◆ Task details:
Would you copy the lines below exactly and omit the images?

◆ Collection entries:
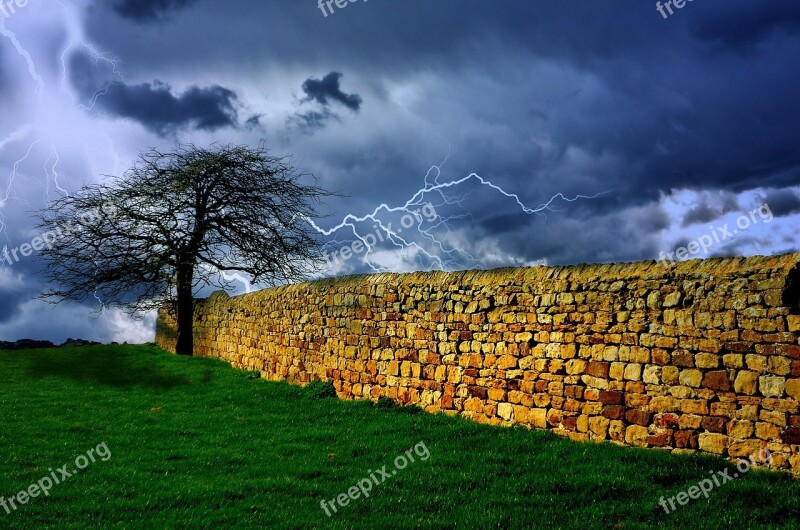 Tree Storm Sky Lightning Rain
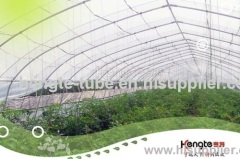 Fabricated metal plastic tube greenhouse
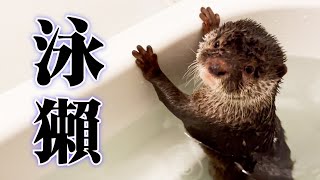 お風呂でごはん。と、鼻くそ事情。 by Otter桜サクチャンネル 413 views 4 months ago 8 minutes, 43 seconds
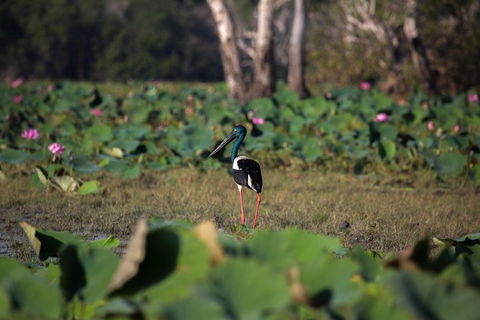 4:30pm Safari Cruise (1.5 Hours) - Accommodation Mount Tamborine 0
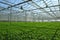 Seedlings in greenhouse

◆ Exercise result:
 Tree Storm Sky Lightning Rain
 Fabricated metal plastic tube greenhouse
 お風呂でごはん。と、鼻くそ事情。 by Otter桜サクチャンネル 413 views 4 months ago 8 minutes, 43 seconds
 4:30pm Safari Cruise (1.5 Hours) - Accommodation Mount Tamborine 0
 Seedlings in greenhouse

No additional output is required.